The bartender admits, “you’re right, I’m sorry. I pulled the trigger a little too quick on that one.”
“Besides,” I say, “I wasn’t even checking my hair. I was checking for spinach in my teeth.”
“Spinach in your teeth?” asks the bartender.
“Yeah, I had a spinach pie for breakfast. A big one.”
“That’s an odd breakfast choice,” the bartender says.
“I’m incredibly constipated,” I reply. “I need all the fiber I can get.”
“Well then you shouldn’t be drinking,” the bartender tells me. “For regular bowel movements, you need to drink plenty of water in addition to increasing your fiber intake. Whiskey and beer are not your friends in this situation.”
“Well, I drove all this way. I’ll have one whiskey,” I say.
“No,” the bartender says, firmly. “I don’t want you in my bar with a gut full of spinach and no water, stinking up the place with your flatulence and your constipated self-pity. I definitely don’t want your kind here. You go home and drink some water and eat some granny smith apples.”
“How dare you, you think just because you’re older than me you can boss me around. Oh, here comes Odin. Here comes Abraham!”

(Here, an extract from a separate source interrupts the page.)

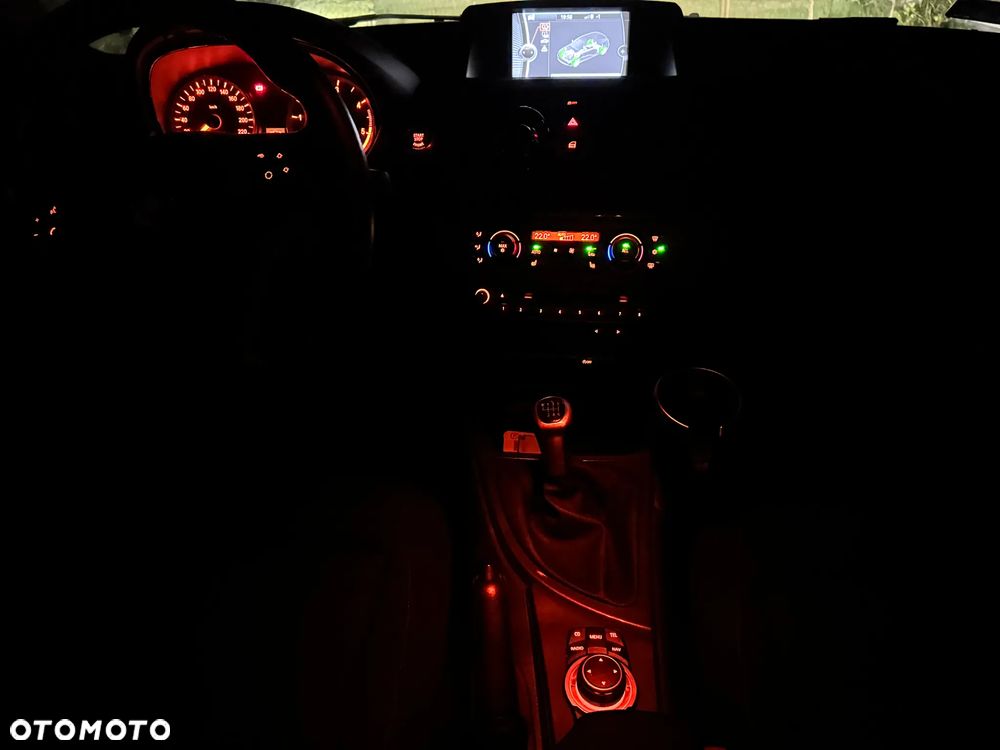 BMW Seria 1 118d DPF - 11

“Goddamn you, always trying to create strife where none exists. It has nothing to do with your relative youth. It is sound medical advice, offered in fellowship and peace. Are you always such an agent of chaos? Does the booze prevent these outbursts of yours and make you more sociable?”
“What if I have a few glasses of water here, then may I have some whiskey?” I ask, trying to compromise.
“No, you may not. I have a reputation to keep up in this place, as a dive bar full of hard drinkers who are wistful and lovely, with creased faces and grandchildren and tales of deflowering young virgins and giving those young virgins personal loans to start paddle board yoga studios, out on the Atlantic. You can’t be seen just drinking water in my establishment. That is asinine.”
“Fine,” I say. “I am going home to chug gallons of water and eat a lot of granny smith apples, and perhaps some other fibrous seasonal fruits. And when I have pissed torrentially and clear and have voided my bowels completely, to the extent that you could store the Hope Diamond in my rectum and when removed it will still shine brightly without a film of fecal matter to mitigate its brightness, its offering of beauty and symmetry to an insipid and cruel world never more radiant, when I have met these criteria, I am going to return here to triumphantly have a whiskey.”
“And I will be waiting with a chalice of bourbon and a golden comb and I shall untangle your locks,” says the bartender, “like the King Under the Mountain.”